Patiently Grumbling?-Notes on James 5:9-12
After exhorting the oppressed believers to be patient until the coming of the Lord, James calls them next to "not complain against one another...so that [they] will not be judged." The root word for "complain" means to groan or to sigh, which in this context means much more than the mere disappointment expressed upon some inconvenience. This call to not grumble has to do with a problem stemming from a heart attitude that is not pleasing to the Lord, as it speaks of a heart that disregards the sovereignty of God and doubts His purposes.
Ponder on Philippians 4:10-13. There, as the apostle Paul himself had to LEARN to be content, it is evident that while still in the flesh, we have the tendency to grumble. By God's grace, though, we can learn like the apostle Paul "how to be brought low" and "how to abound in any and every circumstance." The same Spirit that enabled Paul is able to help us be content as we yield ourselves to His control.

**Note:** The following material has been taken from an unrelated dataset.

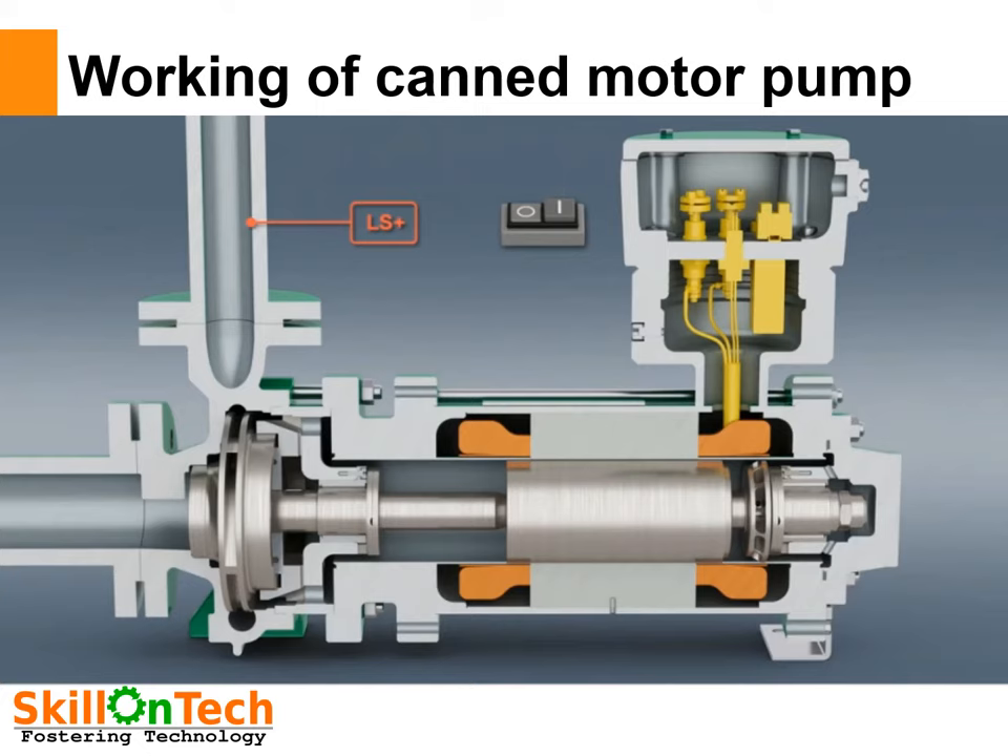In this picture you can see: this is the impeller, this is the discharge pipeline, this is the suction pipeline, this is the shaft, this is the motor, here is the auxiliary impeller, and these are the bearings which are supporting the rotor. There is no seal provided in these pumps — they are hermetically sealed and used for handling precious and toxic liquids.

Again, James points the believers to the soon coming of Christ as his basis for exhorting them to not complain. "[Behold], the Judge is standing at the door." As an example, James reminds them about "the prophets who spoke in the name of the Lord." Note how that in the O.T, the prophets had to rebuke God's people and they were ill-treated! Nevertheless, the prophets faithfully delivered God's message. In Hebrews 11, we are given the testimonies of those who suffered and patiently endured for the sake of Christ. By God's grace, it can be done!
As a more specific example, James calls the believers to consider the "steadfastness of Job." James points out how they have seen "Job’s perseverance and… what the Lord finally brought about. The Lord is full of compassion and mercy." Job's every trial and every tear was under the sovereign purposes of the Lord!
Finally, God calls the believers to treat God's name with respect and to be truthful. "Say only 'Yes' when you mean yes, and 'No' when you mean no, and then you will not come under God's judgment." Why this exhortation? Because in the midst of trial or oppression, there is the real temptation of using God's name in vain for our own ends or of lying to get out of situations we should, instead, face with steadfastness.
In brief, as we are assured of the unchanging character of the Lord God who is compassionate and merciful, we must, by His grace, patiently endure! We are to persevere in truth; and, we are to do so without grumbling-- for His glory. Hard? Absolutely. Impossible? No. As has been made plain in Scripture, the Spirit of God indwells every believer; and, if you as God's child have His Spirit, then with God, nothing is impossible! Step by step, let us, therefore, start learning. Let's learn to patiently endure without grumbling, for "godliness with contentment is great gain" (1 Tim. 6:6).